Currently, we're hosting a 30-day Kickstarter campaign to raise funds and engage people as partners and micro-investors in this project. Our hopes are that idBrooklyn appeals to both an international audience interested in a new form of identity design, and also to the multiple generations, social classes, and cultures of Brooklyn's diverse neighborhoods.
This summer, we will lead hands-on workshops to collect sketches, ideas, and stories about Brooklyn with the objective of singling out the icons that best represent its identity.
Next, we will release a mobile app and website that will invite participants from all over the globe to upload images and comments about what Brooklyn is to them. We know that millions of people worldwide are connected to New York, and specifically to Brooklyn due to its booming arts, music, and maker culture. We are eager to discover what the borough is to a young woman in Tokyo who has never been to the US, or what a middle-aged Parisian has to say about the culture he visits yearly.
Once our server is jam-packed with written and visual material of all things and opinions about Brooklyn, our micro-collective of artists and designers will go to work translating all of this material into a cohesive set of icons.
Finally, we will invite Brooklyn-based artists, designers and writers to express their vision as it relates to the idBrooklyn icons, and to the borough's identity at large.

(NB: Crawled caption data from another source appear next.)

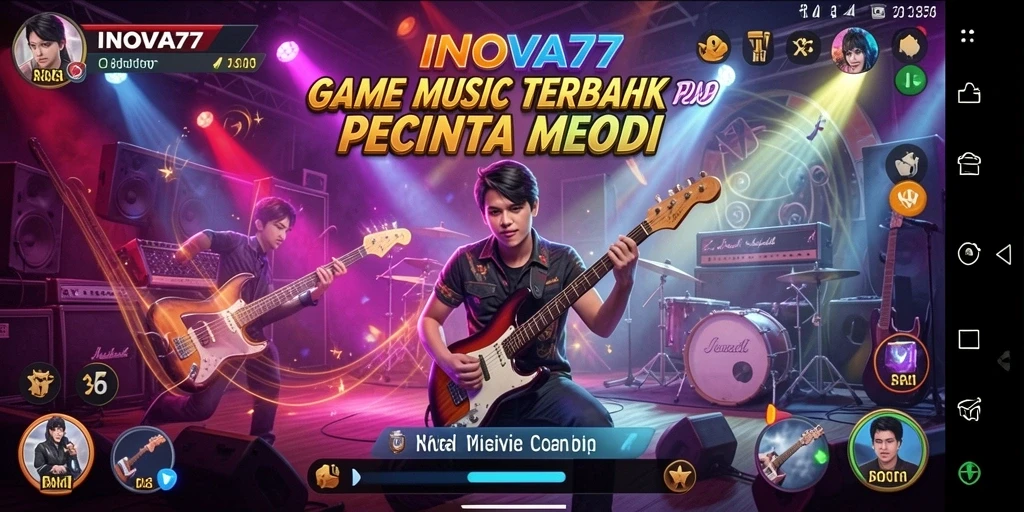 Tangkapan layar gameplay INOVA77 menunjukkan keseruan bermain musik.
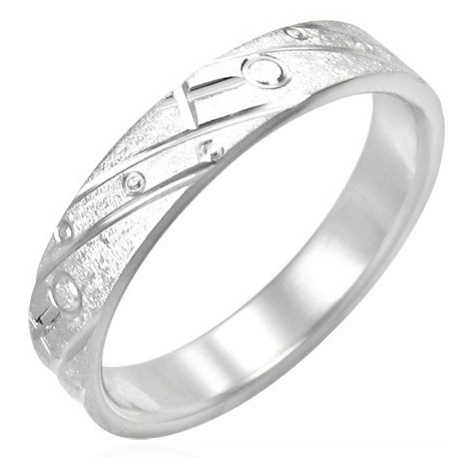 Ocelový prsten - matný s gravírovaným vzorem Šperky eshop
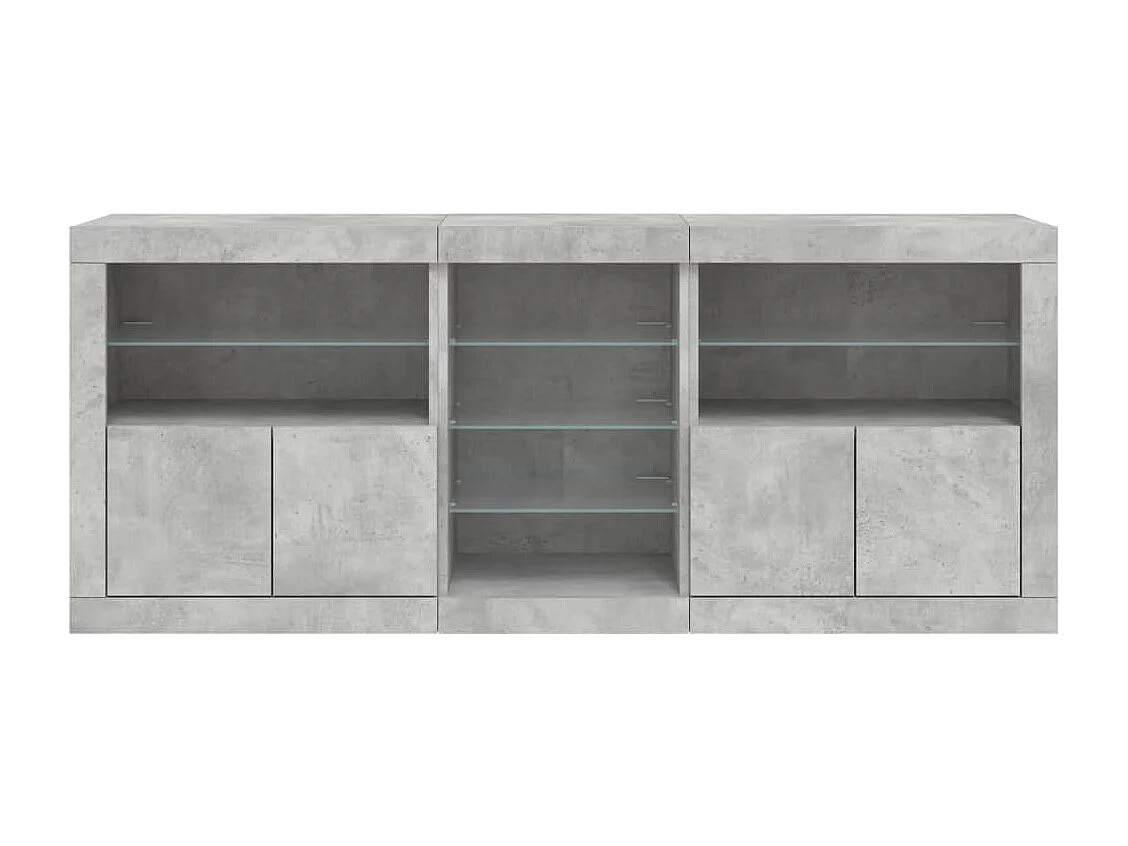 Aparador buffet cómoda armario mueble organizador cocina salón salón con luces LED 181,5 x 37 x 67 cm gris 02_0029987
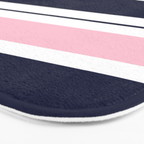 Blue Navy and Pink Stripes Bath Mat Gallery Image 3
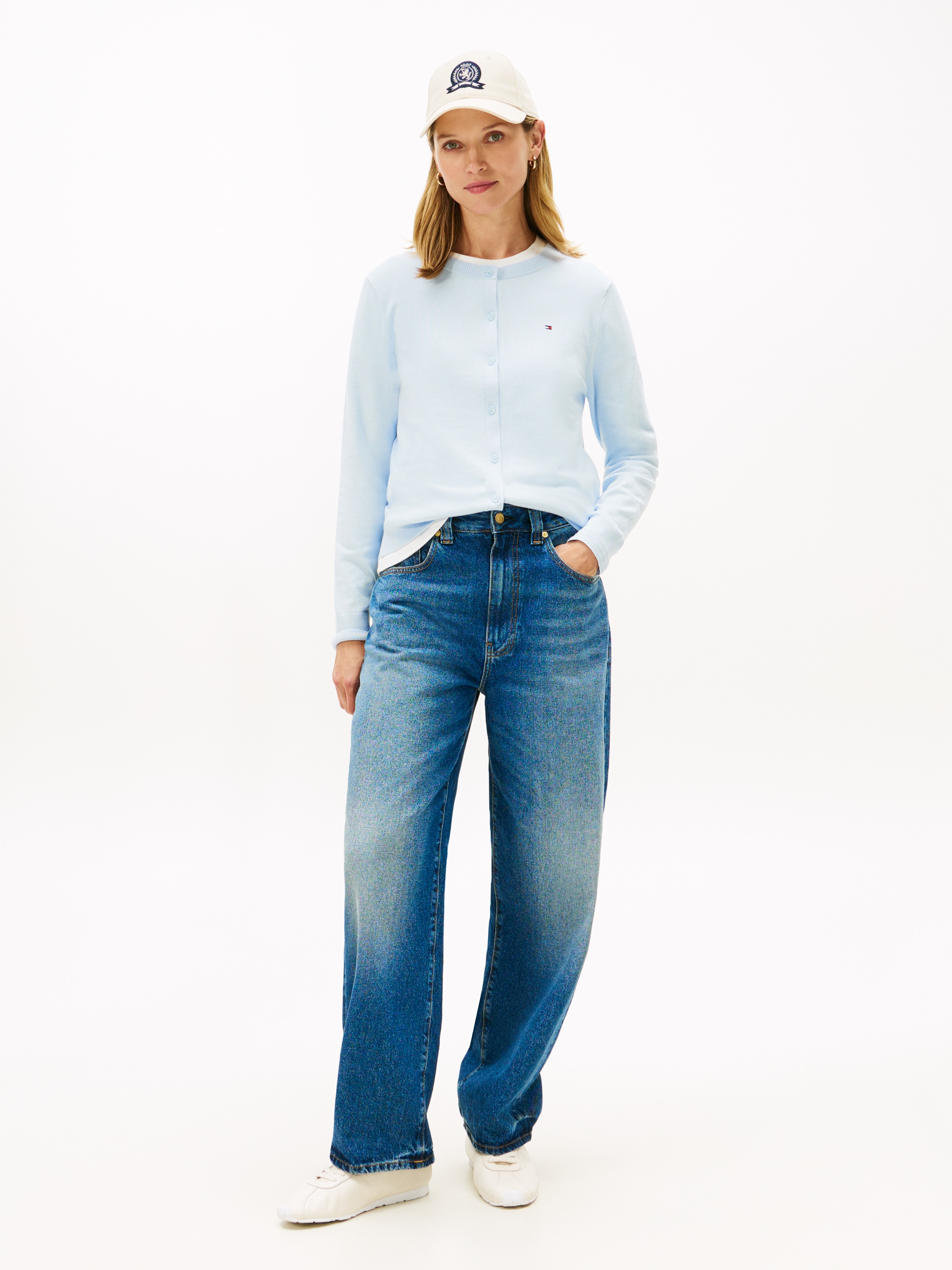 Tommy Hilfiger »CO JERSEY STITCH CARDIGAN« Baumwollmischung, regular fit, Rundhals, goldfarbene Knöpfe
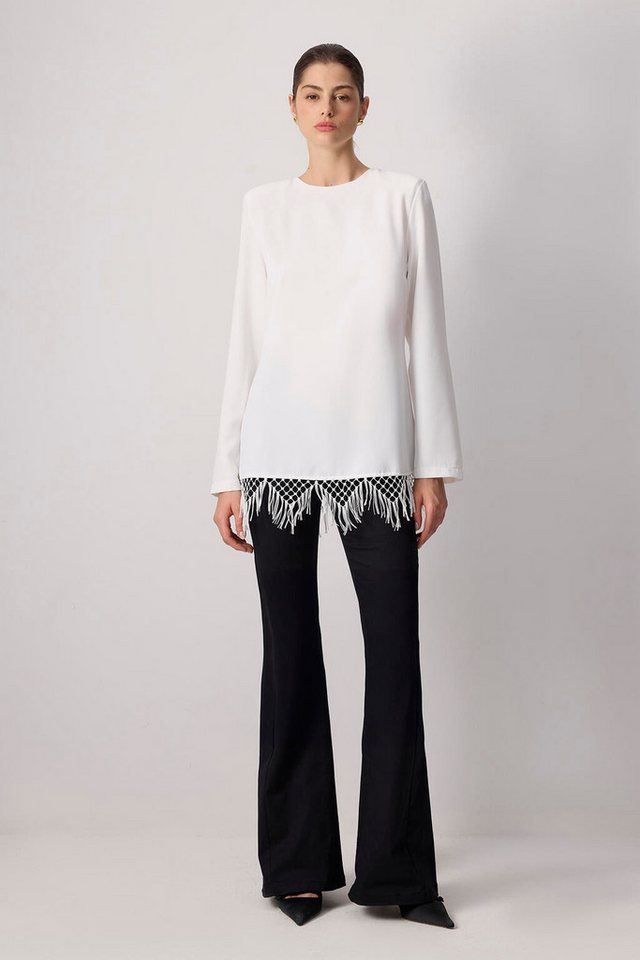 touche prive Tunikashirt TUNIKA AUS CRÊPE MIT FRANSEN von touche prive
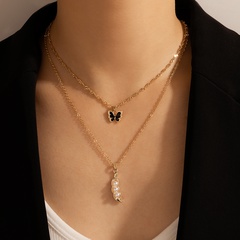 korea Sweet Cute Butterfly Chain Pearl Pea Pod Pendant Necklace 2-Piece Set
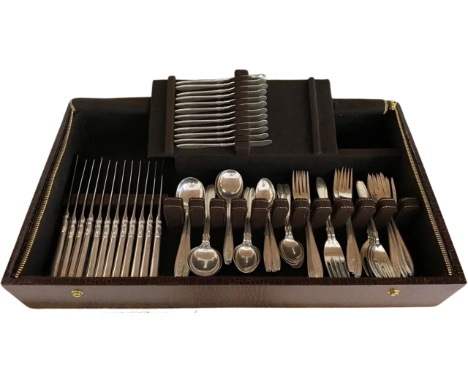 A SEVENTY TWO PIECE GORHAM STERLING SILVER 'NOCTURNE' PATTERN FLATWARE CUTLERY SET IN ORIGINAL BOX. SET COMPRISES OF 12 DINNE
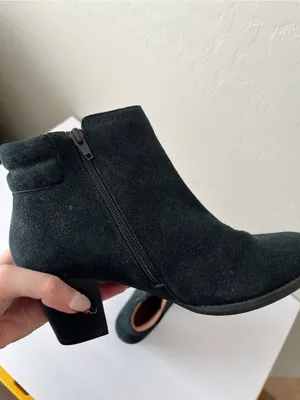 Vionic Jessie Water Resistant Suede Leather Ankle Boots Booties Black Size 8.5 thumbnail 6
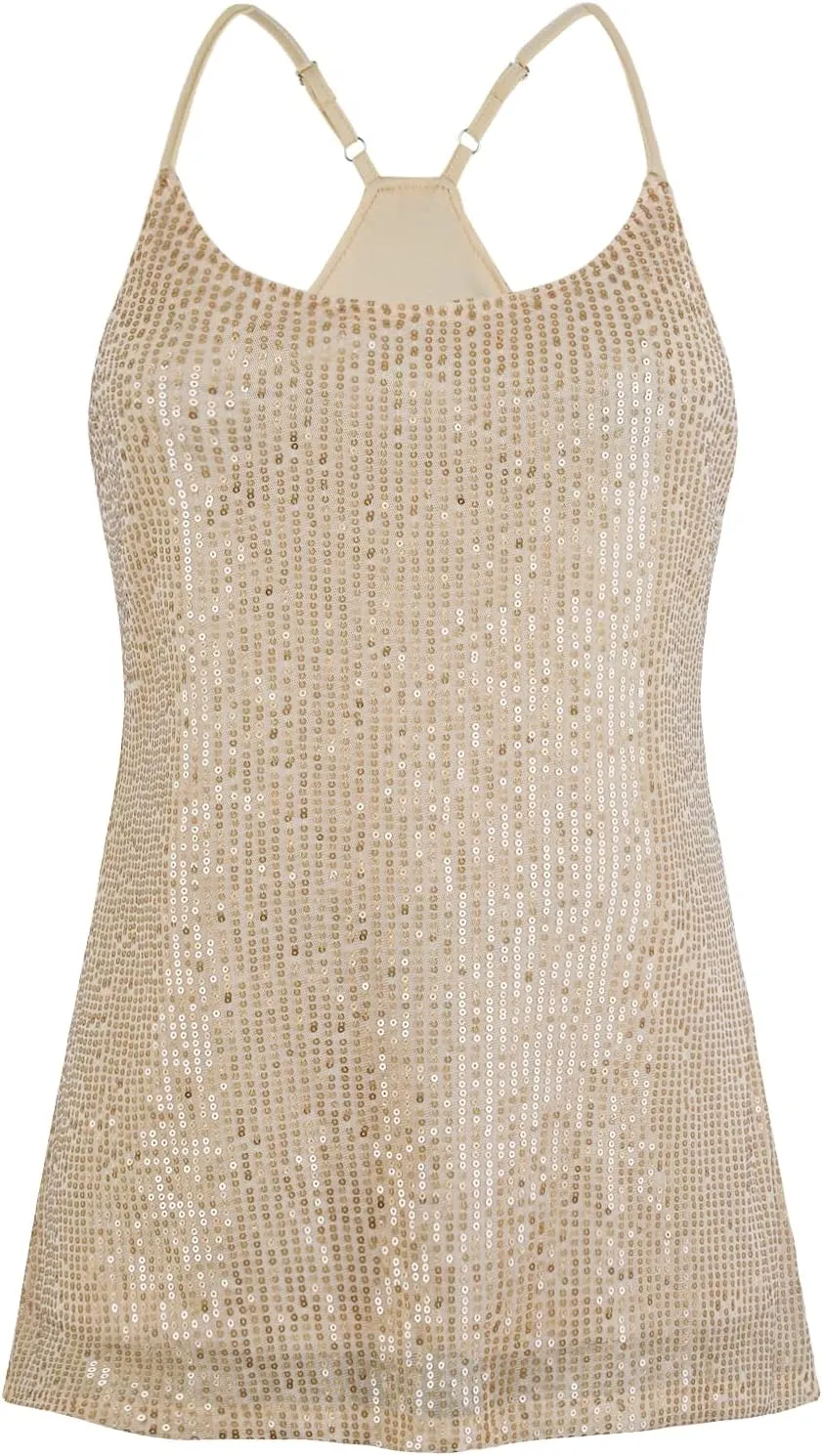 PrettyGuide Women's All Over Sequin Top Shimmer Strappy Camisole Sparkly Tank Tops Party Shirts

With one of the largest artist per capita ratios in the nation, we don't anticipate a shortage of entries.
A gallery installation will showcase the results of the workshops, along with curated works from participating artists and the icons themselves.
What excites us the most is that the show, far from being the last step, is merely the start of a long-lasting conversation about the identity of Brooklyn. We envision the project as an interactive work-in-progress as unique as the people who take part in it.
In summary, the identity of a city does not have to be done by a multi-national design firm that produces an abstract logo that nobody can relate to. It can be a participatory process of human interaction and relatable design.